3. Streaming responses

let stream = session.streamResponse(to: "Write a haiku about autumn.")
for try await snapshot in stream {
    print(snapshot.content)
}

Each snapshot.content is the cumulative text emitted so far — same semantics as Apple's FoundationModels.ResponseStream<String>. Use String.suffix(...) to compute deltas if you need per-chunk text.

4. Structured output with @Generable

@Generable
struct CityReport {
    @Guide(description: "City name in English")
    let city: String
    let temperatureCelsius: Double
    let conditions: String
}

let report = try await session.respond(
    to: "Make up plausible weather for Tokyo in November.",
    generating: CityReport.self
)
print(report.content.temperatureCelsius)

The @Generable macro walks your struct, picks a JSON-Schema type per field, drops Optional fields out of required, and recurses into nested @Generable types. @Guide(description:) annotations become per-field instructions for the model. The same code works on all three backends.

5. Tool calling

struct LookupTool: Tool {
    struct Arguments: Generable {
        let city: String
        static var generationSchema: GenerationSchema {
            GenerationSchema(
                type: "object",
                properties: ["city": .init(type: "string")],
                required: ["city"]
            )
        }
    }
    let name = "lookup_weather"
    let description = "Returns the current temperature in °C for a city."
    func call(arguments: Arguments) async throws -> String {
        // Hit your real API here.
        "22"
    }
}

let session = LanguageModelSession(
    tools: [LookupTool()],
    instructions: Instructions("Use lookup_weather when asked about temperature.")
)
let reply = try await session.respond(to: "How warm is it in Tokyo?")

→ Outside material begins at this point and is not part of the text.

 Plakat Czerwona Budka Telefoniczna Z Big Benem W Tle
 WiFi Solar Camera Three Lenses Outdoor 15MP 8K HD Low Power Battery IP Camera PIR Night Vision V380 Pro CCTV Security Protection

Tool calls and outputs appear in session.transcript as .toolCall / .toolOutput entries on every backend — including Apple FM (we reconstruct Apple's opaque tool loop into PFM Transcript.Entry values).

6. Route to Apple's native model on iOS 26+

Once your deployment target reaches iOS 26, add the Apple backend and pick at runtime:

// Package.swift dependencies — add a second product:
.product(name: "PrivateFoundationModelsApple", package: "PrivateFoundationModels"),
import PrivateFoundationModels
import PrivateFoundationModelsApple
import PrivateFoundationModelsCoreML

func installDefaultBackend() async throws {
    if #available(iOS 26.0, macOS 26.0, visionOS 26.0, *),
       AppleFoundationModel.isAvailable {
        SystemLanguageModel.default = SystemLanguageModel(
            backend: AppleFoundationModel.load()
        )
    } else {
        SystemLanguageModel.default = SystemLanguageModel(
            backend: try await CoreMLLanguageModel.load(.lfm2_5_350M)
        )
    }
}

Nothing else in your app changes. The same session.respond(...), @Generable, and Tool code that ran on CoreML on iOS 18 now runs on Apple's actual native model on iOS 26+.

7. Where to next

  • Sample app: Examples/PFMSwitcher — production-shaped chat app with backend switching and strict memory management.
  • API reference: every public type mirrors FoundationModels; see Apple's docs.
  • Backend authoring: implement LanguageModelBackend to route to llama.cpp, a remote API, your own runtime.
  • Benchmarks: docs/BENCHMARKS.md for M4 Max numbers across all three backends.
  • FAQ: docs/FAQ.md.

8. When something goes wrong

  • decodingFailure from respond(to:generating:T.self) — the model produced invalid JSON. Use a larger model, a clearer schema description, or a tighter prompt. CoreML and MLX backends do prompt-based schema enforcement; Apple FM uses its grammar-constrained sampler internally.
  • refusal — the backend's safety layer (Apple FM) declined. Rephrase, or check GenerationError.refusal for the explanation.
  • concurrentRequests — one session is already mid-call. PFM matches Apple's "one in-flight call per session" rule.
  • backend(error) — the underlying backend threw. Inspect the wrapped error.

Open an issue with the relevant deep-harness log appended if you hit a regression.